The point is this: the right thing is very rarely going to be the path of least discouragement.
And as an example I’m going straight for writing. Writing writing writing. I wrote for years before college, just having fun, entertaining wild dreams of publication. Then I disappeared into my alma mater for three years and barely wrote anything. Why? Because writing got harder. I started to question myself. And I got lazy, and didn’t commit to it. Fast forward and now I’m at the beginning of my last summer before college. I’ve just decided that I’m going to take to the empty page again and I sit down in front of my keyboard with relish, ready to pound it out like old times.
Yeah right. It hurt. It was almost like physical pain, how hard it was. There’s a little mission control somewhere in my head that tackles creative enterprise. All those operators were on vacation and there were cobwebs in the corners.
(My mission control is not full of middle-aged white men)(source)
Now we know why so many people want to write a novel before they die, and so few do.
For me, writing is all I’ve got. I’m not particularly talented in many other areas but writing is what I cling to when I think I’m just a hopeless pile of semi-educated unambition.
So for me, it was the right thing to do to renew my vows of writing.

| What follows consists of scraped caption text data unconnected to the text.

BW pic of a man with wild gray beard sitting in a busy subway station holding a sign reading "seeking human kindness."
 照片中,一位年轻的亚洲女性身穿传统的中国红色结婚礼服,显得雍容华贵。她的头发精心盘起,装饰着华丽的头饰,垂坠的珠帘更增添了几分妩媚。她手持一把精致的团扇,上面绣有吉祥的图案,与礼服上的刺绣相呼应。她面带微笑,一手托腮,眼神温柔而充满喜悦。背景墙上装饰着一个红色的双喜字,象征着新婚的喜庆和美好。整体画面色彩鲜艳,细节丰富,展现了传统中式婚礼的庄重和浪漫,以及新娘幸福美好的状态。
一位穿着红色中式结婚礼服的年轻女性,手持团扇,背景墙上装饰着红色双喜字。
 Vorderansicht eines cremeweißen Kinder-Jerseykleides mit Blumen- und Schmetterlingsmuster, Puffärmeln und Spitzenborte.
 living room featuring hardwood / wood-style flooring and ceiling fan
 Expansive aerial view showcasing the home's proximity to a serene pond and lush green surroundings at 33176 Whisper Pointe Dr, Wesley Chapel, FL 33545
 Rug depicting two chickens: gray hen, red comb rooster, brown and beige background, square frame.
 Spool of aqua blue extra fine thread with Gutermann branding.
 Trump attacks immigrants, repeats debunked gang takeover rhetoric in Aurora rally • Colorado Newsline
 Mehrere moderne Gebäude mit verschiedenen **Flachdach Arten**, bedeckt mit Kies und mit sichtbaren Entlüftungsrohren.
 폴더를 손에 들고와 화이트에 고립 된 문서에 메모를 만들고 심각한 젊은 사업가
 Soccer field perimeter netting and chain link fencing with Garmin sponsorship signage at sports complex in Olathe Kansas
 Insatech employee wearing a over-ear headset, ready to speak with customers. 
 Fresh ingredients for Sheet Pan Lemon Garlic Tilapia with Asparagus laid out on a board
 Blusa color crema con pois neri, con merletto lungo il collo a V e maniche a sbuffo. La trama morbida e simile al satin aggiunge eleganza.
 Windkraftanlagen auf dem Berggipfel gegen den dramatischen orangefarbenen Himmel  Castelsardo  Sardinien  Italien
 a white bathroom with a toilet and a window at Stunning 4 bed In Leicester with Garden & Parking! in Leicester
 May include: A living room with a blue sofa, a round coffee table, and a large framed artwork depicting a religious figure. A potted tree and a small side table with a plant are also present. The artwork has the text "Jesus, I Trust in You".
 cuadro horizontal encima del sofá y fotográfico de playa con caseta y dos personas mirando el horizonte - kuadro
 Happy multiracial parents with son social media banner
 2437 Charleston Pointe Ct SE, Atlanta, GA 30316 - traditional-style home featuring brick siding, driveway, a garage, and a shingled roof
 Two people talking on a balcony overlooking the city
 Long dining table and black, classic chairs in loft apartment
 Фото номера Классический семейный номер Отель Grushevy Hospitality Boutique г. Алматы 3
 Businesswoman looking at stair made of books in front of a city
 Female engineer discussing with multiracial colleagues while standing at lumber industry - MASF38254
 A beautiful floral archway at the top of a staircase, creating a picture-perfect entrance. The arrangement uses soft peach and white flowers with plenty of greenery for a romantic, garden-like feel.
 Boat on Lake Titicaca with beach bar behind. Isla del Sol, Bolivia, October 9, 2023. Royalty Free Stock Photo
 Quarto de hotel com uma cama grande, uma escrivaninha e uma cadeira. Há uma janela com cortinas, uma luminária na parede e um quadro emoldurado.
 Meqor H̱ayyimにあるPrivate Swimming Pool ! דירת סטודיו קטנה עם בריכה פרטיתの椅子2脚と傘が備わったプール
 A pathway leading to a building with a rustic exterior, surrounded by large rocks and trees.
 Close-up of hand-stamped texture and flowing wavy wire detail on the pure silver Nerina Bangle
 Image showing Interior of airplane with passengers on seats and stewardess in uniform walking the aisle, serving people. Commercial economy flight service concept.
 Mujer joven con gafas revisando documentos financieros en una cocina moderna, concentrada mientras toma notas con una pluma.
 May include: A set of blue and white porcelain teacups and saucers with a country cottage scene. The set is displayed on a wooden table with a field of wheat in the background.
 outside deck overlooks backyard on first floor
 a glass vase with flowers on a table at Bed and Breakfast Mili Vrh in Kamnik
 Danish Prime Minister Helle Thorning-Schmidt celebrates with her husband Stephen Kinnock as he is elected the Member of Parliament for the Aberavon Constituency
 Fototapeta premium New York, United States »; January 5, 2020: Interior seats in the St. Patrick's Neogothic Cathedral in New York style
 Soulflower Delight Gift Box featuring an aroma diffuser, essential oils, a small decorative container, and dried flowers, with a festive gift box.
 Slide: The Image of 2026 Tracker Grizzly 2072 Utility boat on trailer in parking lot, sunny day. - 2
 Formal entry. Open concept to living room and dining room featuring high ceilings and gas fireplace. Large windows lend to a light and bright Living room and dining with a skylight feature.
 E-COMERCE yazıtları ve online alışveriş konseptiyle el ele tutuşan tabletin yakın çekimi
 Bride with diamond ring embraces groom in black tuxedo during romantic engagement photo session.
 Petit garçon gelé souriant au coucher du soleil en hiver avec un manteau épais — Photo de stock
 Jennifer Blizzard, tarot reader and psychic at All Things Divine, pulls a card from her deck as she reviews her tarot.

It will be long and discouraging and will it probably commit me to many a crappy job to make ends meet? Hoo buddy yeah.
But you do the right thing because it’s the only way, not because it’s the way you’ll get the least hurt. It’s one of those things about human nature. You get hurt so you can grow back even stronger than before.
This is my long-winded way of saying that I could work at a resort in CO this summer, but it’s so hard to decide what the right thing is. Well. It’s not so hard to decide what’s right. But the right way is so often the scary one. And knowingly picking the road in the shadows instead of the one well-lit…that’s so hard.